++++ Information given ++++
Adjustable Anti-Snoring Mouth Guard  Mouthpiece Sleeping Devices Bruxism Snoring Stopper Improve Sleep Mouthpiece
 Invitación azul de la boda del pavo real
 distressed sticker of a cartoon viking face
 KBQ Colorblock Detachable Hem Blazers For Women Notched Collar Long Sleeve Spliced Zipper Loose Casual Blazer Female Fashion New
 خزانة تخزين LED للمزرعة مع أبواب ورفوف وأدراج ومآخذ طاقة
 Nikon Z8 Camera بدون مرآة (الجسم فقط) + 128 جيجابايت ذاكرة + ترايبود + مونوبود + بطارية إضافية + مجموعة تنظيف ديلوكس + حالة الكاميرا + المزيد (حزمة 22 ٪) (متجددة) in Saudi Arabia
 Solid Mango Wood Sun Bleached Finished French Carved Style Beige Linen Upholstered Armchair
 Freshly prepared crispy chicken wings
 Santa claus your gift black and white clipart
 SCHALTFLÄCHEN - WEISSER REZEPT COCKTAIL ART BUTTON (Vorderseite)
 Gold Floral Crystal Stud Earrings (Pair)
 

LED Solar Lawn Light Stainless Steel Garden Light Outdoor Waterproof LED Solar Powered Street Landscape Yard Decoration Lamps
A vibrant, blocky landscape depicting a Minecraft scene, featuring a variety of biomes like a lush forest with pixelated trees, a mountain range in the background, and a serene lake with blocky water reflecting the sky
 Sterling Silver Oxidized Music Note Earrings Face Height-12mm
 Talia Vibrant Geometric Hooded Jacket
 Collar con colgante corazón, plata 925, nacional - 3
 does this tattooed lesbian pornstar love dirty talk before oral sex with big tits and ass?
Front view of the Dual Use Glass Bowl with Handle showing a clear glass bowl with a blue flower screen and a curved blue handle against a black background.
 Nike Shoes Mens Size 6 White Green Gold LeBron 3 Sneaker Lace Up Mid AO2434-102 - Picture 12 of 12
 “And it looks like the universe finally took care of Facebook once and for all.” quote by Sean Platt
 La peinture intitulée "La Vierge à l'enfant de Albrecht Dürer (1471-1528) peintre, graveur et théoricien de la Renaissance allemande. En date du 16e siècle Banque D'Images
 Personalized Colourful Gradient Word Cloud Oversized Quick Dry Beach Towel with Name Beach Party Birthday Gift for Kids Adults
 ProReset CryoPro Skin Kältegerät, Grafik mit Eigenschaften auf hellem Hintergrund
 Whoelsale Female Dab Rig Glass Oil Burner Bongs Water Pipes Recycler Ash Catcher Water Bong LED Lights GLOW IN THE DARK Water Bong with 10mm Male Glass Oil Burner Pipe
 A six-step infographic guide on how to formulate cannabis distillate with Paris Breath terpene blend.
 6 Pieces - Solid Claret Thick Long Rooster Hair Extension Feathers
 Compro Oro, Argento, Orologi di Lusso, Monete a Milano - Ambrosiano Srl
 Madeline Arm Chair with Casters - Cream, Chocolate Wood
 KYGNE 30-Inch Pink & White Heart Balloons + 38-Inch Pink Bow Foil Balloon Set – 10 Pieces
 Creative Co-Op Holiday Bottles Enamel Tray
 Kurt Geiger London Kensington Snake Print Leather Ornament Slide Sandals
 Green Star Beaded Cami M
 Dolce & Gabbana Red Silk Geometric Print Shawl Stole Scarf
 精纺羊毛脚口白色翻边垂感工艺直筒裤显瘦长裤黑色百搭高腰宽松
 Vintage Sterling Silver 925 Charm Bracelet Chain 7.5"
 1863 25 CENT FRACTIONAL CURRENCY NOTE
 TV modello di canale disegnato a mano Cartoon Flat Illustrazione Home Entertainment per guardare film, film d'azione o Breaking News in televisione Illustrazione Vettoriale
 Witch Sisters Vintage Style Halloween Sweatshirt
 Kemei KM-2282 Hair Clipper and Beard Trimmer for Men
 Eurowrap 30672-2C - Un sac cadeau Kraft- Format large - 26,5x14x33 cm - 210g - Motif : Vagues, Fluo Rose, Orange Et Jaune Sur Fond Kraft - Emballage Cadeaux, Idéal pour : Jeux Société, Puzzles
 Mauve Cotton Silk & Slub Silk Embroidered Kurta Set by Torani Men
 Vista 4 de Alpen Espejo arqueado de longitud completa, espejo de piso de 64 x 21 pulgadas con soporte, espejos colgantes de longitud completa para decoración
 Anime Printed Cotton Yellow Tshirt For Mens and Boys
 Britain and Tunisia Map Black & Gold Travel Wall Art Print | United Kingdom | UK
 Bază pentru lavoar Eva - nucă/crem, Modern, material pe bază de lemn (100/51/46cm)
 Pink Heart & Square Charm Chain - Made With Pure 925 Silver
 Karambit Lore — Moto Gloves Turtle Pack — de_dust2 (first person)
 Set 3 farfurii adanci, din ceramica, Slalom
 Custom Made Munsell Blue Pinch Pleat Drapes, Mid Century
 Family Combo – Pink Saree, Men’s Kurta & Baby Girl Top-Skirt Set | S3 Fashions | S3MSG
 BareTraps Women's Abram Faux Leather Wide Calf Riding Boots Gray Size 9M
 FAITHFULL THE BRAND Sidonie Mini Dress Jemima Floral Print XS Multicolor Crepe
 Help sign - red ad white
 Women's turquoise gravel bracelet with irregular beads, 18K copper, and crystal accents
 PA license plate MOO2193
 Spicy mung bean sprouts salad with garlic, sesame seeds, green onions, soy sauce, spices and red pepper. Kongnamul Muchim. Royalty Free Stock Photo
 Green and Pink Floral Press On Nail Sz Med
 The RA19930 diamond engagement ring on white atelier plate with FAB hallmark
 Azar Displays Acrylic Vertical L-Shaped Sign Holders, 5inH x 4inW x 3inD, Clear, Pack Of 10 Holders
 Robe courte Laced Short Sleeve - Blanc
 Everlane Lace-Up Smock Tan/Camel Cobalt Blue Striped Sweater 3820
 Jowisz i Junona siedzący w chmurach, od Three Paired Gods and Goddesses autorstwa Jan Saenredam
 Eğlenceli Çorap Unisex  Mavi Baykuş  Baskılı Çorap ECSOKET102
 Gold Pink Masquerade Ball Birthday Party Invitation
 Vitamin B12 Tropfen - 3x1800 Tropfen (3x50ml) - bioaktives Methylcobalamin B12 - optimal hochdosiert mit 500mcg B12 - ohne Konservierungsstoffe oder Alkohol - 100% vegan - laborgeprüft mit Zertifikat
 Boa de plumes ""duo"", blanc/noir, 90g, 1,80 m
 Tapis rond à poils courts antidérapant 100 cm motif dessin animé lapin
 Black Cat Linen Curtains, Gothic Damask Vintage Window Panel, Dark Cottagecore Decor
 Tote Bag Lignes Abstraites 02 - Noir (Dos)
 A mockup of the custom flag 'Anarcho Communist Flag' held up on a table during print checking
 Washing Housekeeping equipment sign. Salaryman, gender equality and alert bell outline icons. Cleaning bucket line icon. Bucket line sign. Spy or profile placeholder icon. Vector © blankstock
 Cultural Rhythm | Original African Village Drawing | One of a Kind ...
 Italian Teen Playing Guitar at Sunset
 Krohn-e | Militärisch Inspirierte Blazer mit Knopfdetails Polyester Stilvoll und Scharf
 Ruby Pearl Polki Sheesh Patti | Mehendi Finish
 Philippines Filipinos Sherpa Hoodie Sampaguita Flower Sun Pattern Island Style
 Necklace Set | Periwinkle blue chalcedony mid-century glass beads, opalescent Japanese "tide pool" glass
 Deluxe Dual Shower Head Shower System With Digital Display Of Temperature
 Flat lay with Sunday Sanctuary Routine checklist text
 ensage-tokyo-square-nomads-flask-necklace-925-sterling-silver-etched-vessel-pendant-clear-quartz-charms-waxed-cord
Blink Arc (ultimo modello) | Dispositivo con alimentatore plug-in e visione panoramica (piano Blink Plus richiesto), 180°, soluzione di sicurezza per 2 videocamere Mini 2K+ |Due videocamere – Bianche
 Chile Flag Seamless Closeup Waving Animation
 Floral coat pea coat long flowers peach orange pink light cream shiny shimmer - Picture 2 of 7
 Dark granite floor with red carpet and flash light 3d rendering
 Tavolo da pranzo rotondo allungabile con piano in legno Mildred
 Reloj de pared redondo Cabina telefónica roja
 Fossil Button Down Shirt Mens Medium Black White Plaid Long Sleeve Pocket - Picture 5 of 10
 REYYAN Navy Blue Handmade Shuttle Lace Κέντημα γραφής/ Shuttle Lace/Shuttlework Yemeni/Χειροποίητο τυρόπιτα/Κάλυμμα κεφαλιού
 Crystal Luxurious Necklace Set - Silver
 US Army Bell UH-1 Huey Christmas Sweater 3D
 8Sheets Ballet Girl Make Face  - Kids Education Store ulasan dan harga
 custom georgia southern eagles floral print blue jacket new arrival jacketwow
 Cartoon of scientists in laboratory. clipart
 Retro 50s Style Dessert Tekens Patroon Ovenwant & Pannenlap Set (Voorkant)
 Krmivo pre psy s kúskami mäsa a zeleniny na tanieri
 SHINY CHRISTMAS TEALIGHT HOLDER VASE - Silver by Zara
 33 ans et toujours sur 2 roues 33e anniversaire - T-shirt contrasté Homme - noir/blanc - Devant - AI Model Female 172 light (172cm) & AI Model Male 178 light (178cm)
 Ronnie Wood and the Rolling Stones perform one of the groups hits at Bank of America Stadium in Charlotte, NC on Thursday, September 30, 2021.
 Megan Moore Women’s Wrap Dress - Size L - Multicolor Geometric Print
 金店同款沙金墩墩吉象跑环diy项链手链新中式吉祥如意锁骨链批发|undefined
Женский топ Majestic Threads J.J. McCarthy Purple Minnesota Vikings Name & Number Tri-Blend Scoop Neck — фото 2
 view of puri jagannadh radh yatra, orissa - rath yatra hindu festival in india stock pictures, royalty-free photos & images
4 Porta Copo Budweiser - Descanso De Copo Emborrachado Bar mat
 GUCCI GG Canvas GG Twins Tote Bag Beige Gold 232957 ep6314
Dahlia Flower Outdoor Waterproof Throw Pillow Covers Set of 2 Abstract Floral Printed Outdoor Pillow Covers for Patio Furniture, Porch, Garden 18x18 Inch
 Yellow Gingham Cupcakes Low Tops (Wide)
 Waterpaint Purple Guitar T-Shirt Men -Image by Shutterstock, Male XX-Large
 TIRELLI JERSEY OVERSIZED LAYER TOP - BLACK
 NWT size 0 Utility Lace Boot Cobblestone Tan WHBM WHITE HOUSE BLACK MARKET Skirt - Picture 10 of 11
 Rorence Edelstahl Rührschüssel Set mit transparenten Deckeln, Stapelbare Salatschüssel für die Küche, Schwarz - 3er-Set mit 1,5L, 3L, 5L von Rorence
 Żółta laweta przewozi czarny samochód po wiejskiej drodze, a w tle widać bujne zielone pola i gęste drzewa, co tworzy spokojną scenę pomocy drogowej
++++
## What the task asks
Here the job is to transcribe the lines from the first line of the data through the line containing "Nike Shoes Mens", inclusive, exactly and with nothing else.

## Task result
Adjustable Anti-Snoring Mouth Guard  Mouthpiece Sleeping Devices Bruxism Snoring Stopper Improve Sleep Mouthpiece
 Invitación azul de la boda del pavo real
 distressed sticker of a cartoon viking face
 KBQ Colorblock Detachable Hem Blazers For Women Notched Collar Long Sleeve Spliced Zipper Loose Casual Blazer Female Fashion New
 خزانة تخزين LED للمزرعة مع أبواب ورفوف وأدراج ومآخذ طاقة
 Nikon Z8 Camera بدون مرآة (الجسم فقط) + 128 جيجابايت ذاكرة + ترايبود + مونوبود + بطارية إضافية + مجموعة تنظيف ديلوكس + حالة الكاميرا + المزيد (حزمة 22 ٪) (متجددة) in Saudi Arabia
 Solid Mango Wood Sun Bleached Finished French Carved Style Beige Linen Upholstered Armchair
 Freshly prepared crispy chicken wings
 Santa claus your gift black and white clipart
 SCHALTFLÄCHEN - WEISSER REZEPT COCKTAIL ART BUTTON (Vorderseite)
 Gold Floral Crystal Stud Earrings (Pair)
 

LED Solar Lawn Light Stainless Steel Garden Light Outdoor Waterproof LED Solar Powered Street Landscape Yard Decoration Lamps
A vibrant, blocky landscape depicting a Minecraft scene, featuring a variety of biomes like a lush forest with pixelated trees, a mountain range in the background, and a serene lake with blocky water reflecting the sky
 Sterling Silver Oxidized Music Note Earrings Face Height-12mm
 Talia Vibrant Geometric Hooded Jacket
 Collar con colgante corazón, plata 925, nacional - 3
 does this tattooed lesbian pornstar love dirty talk before oral sex with big tits and ass?
Front view of the Dual Use Glass Bowl with Handle showing a clear glass bowl with a blue flower screen and a curved blue handle against a black background.
 Nike Shoes Mens Size 6 White Green Gold LeBron 3 Sneaker Lace Up Mid AO2434-102 - Picture 12 of 12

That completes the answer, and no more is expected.